Effects of Peroxisome Proliferator-Activated Receptor Gamma Agonists on Brain Glucose and Glutamate Transporters after Stress in Rats

Abstract

Repeated stress causes an energy-compromised status in the brain, with a decrease in glucose utilization by the brain cells, which might account for excitotoxicity processes seen in this condition. In fact, brain glucose metabolism mechanisms are impaired in some neurodegenerative disorders, including stress-related neuropsychopathologies. More recently, it has been demonstrated that some synthetic peroxisome proliferator-activated receptor gamma (PPARgamma) agonists increase glucose utilization in rat cortical slices and astrocytes, as well as inhibit brain oxidative damage after repeated stress, which add support for considering these drugs as potential neuroprotective agents. To assess if stress causes glucose utilization impairment in the brain and to study the mechanisms by which this effect is achieved, young-adult male Wistar rats (control and immobilized for 6 h during 7 or 14 consecutive days, S7, S14) were i.p. injected with the natural ligand 15-deoxy-Delta-12,14-prostaglandin J2 (PGJ2, 120 microg/kg) or the high-affinity ligand rosiglitazone (RG, 3 mg/kg) at the onset of stress.
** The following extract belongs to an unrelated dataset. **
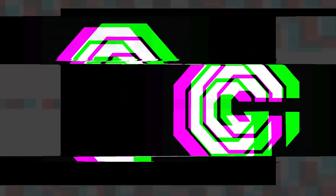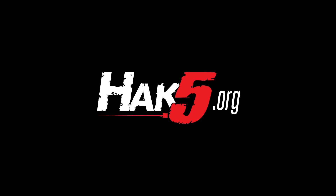Thank you all for watching. I've been Glitch, this has been Hack5 — glitch out. Thanks for supporting Hack5. Find all our shows, community, and pentest products at hack5.org.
Repeated immobilization during 1 or 2 weeks produces a decrease in brain cortical synaptosomal glucose uptake, and this effect was prevented by treatment with both natural and synthetic PPARgamma ligands by restoring protein expression of the neuronal glucose transporter, GLUT-3 in membrane fractions. On the other hand, treatment with PPARgamma ligands prevents stress-induced ATP loss in rat brain. Finally, repeated immobilization stress also produces a decrease in brain cortical synaptosomal glutamate uptake, and this effect was prevented by treatment with PPARgamma ligands by restoring synaptosomal protein expression of the glial glutamate transporter, EAAT2. In summary, our results demonstrate that 15d-PGJ2 and the thiazolidinedione rosiglitazone increase neuronal glucose metabolism, restore brain ATP levels and prevent the impairment in glutamate uptake mechanisms induced by exposure to stress, suggesting that this class of drugs may be therapeutically useful in conditions in which brain glucose levels or availability are limited after exposure to stress.